Skip to content
New issue

Have a question about this project? Sign up for a free GitHub account to open an issue and contact its maintainers and the community.

By clicking “Sign up for GitHub”, you agree to our terms of service and privacy statement. We’ll occasionally send you account related emails.

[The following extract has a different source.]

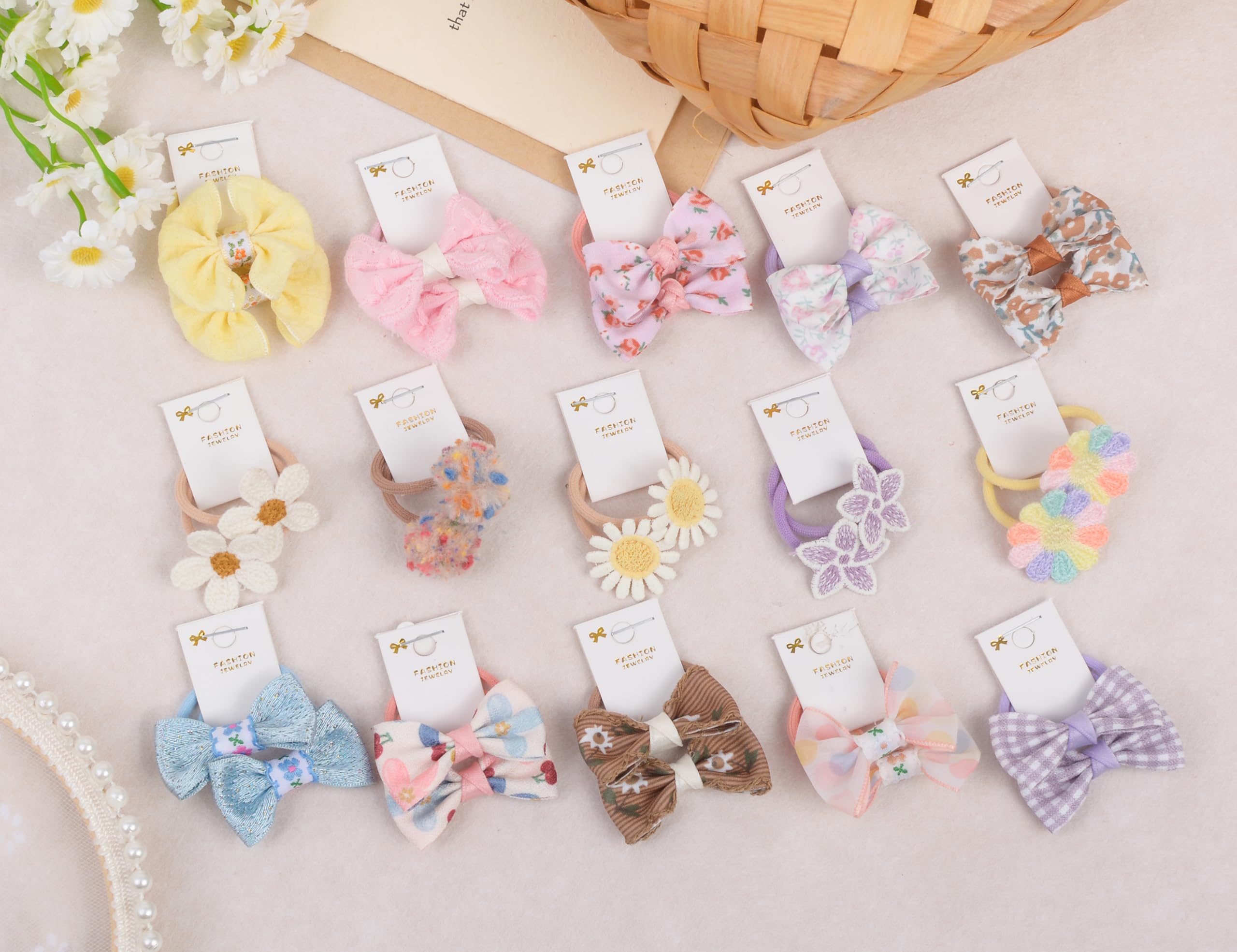 BIANHUAN baby girls styling shots with bows illustrate versatile hair styling options.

Already on GitHub? Sign in to your account

ORT does find/analyse all files in a repo #9406

Closed
kikofernandez opened this issue Nov 11, 2024 · 6 comments
Closed

ORT does find/analyse all files in a repo #9406

kikofernandez opened this issue Nov 11, 2024 · 6 comments
Labels
enhancement Issues that are considered to be enhancements question An issue that is actually a question reporter About the reporter tool

Comments

@kikofernandez
Copy link

Describe the bug

In an unmanaged project, I was expecting all files to be included in the scan results, but this is not the case.

To Reproduce

Steps to reproduce the behavior:

  1. git clone [email protected]:erlang/otp.git
  2. bin/ort analyze -i ~/otp -o ~/otp -f JSON
  3. bin/ort scan -f JSON -i ~/otp/analyzer-result.json -o ~/otp (takes ~40 min)
  4. See that licenses for *.css files are not found in the scan results

Expected behavior

I expected all files in an unmanaged repo to be categorised with a license.
The *.css files do not appear inside the ort path scan_results.summary.licenses (scan-result.json),
but they do appear in the section that mentions:

 files: [ {
        "path" : "lib/common_test/priv/ct_default.css",
        "sha1" : "f4487fc4908e382cafb4137f4c4b02447939f2eb"
      }, { ...}]

File lib/common_test/priv/ct_default.css cannot be found anywhere in the results of the scan (scan-result.json), except for the sha1.
"lib/common_test/priv/jquery.tablesorter.min.js" does not appear in the scan results either, except for its sha1.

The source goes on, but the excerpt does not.